Your copy should match the listing below exactly, except that it holds no images.

**Dataset extract:**
___
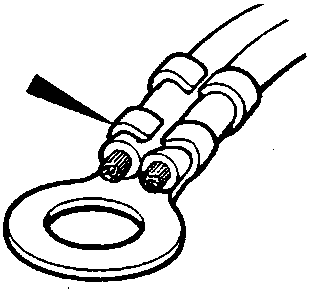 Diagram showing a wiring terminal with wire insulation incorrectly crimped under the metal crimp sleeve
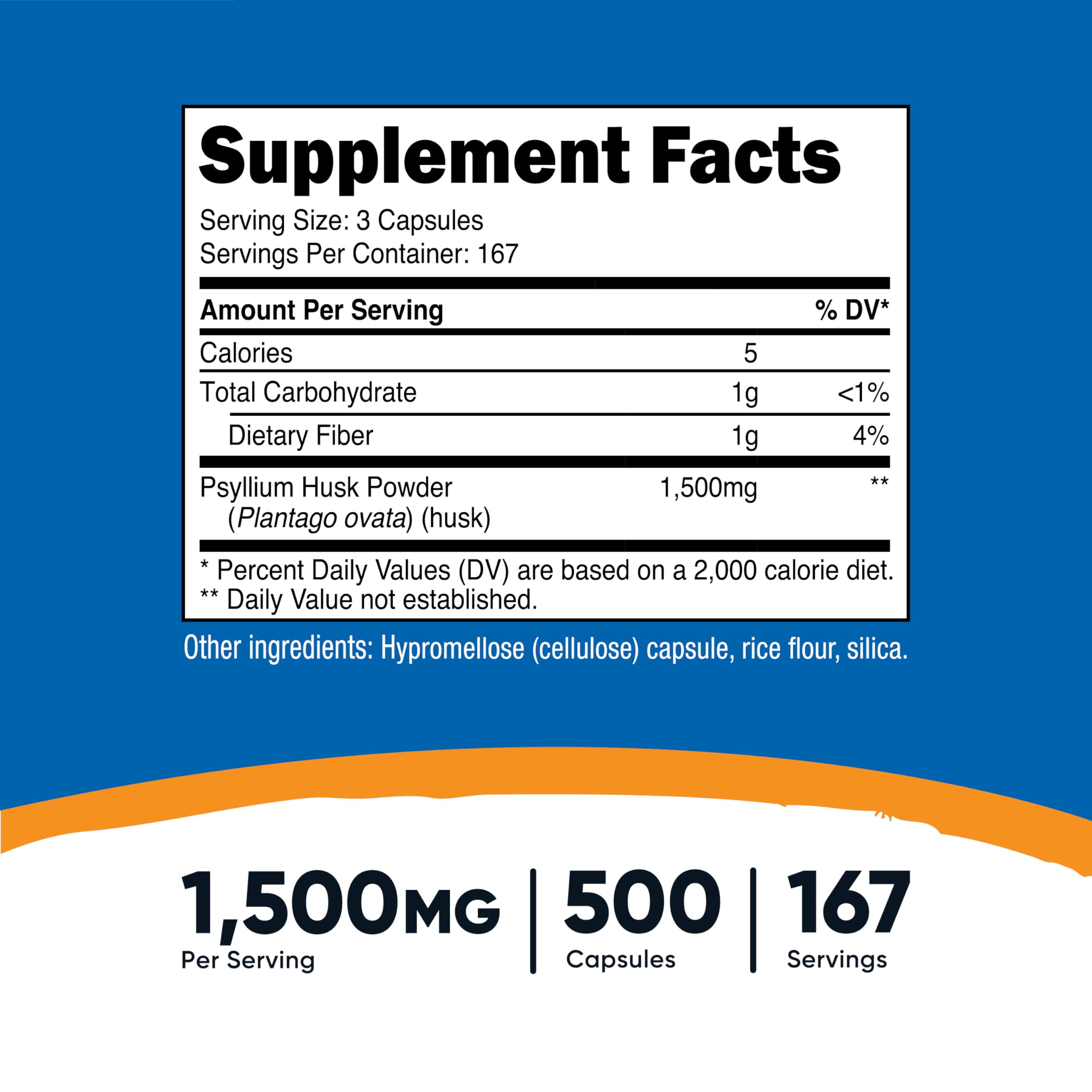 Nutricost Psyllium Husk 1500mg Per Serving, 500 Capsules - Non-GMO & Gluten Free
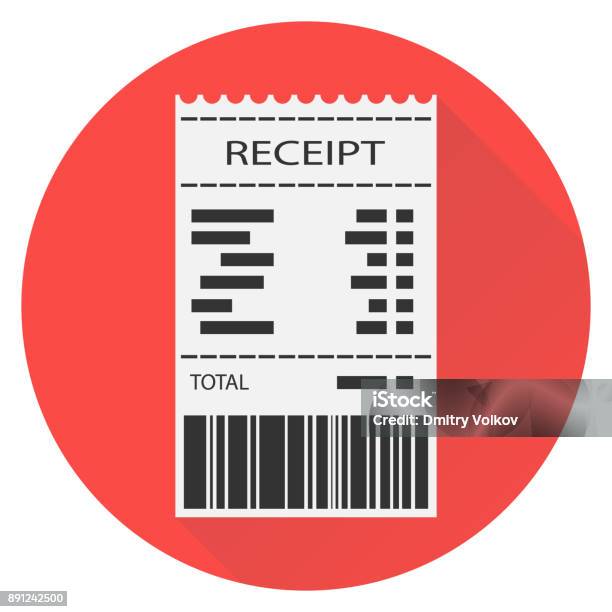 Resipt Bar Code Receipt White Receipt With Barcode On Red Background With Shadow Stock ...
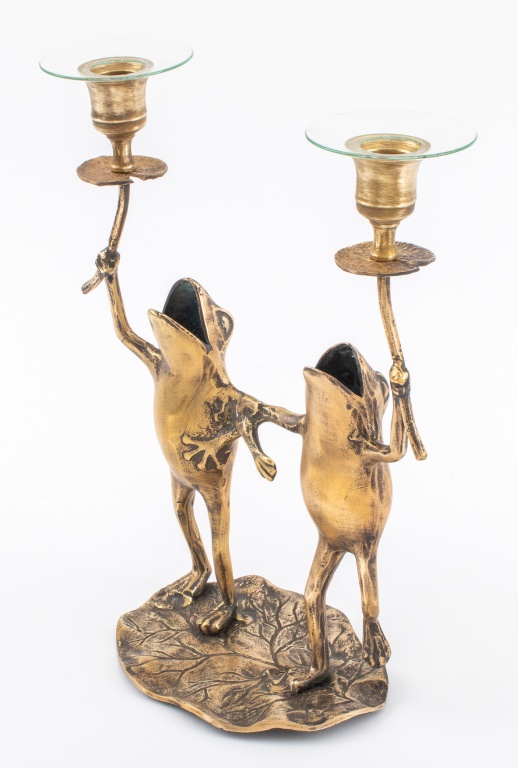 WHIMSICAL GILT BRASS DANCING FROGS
___
**Finished task:**
 Diagram showing a wiring terminal with wire insulation incorrectly crimped under the metal crimp sleeve
 Nutricost Psyllium Husk 1500mg Per Serving, 500 Capsules - Non-GMO & Gluten Free
 Resipt Bar Code Receipt White Receipt With Barcode On Red Background With Shadow Stock ...
 WHIMSICAL GILT BRASS DANCING FROGS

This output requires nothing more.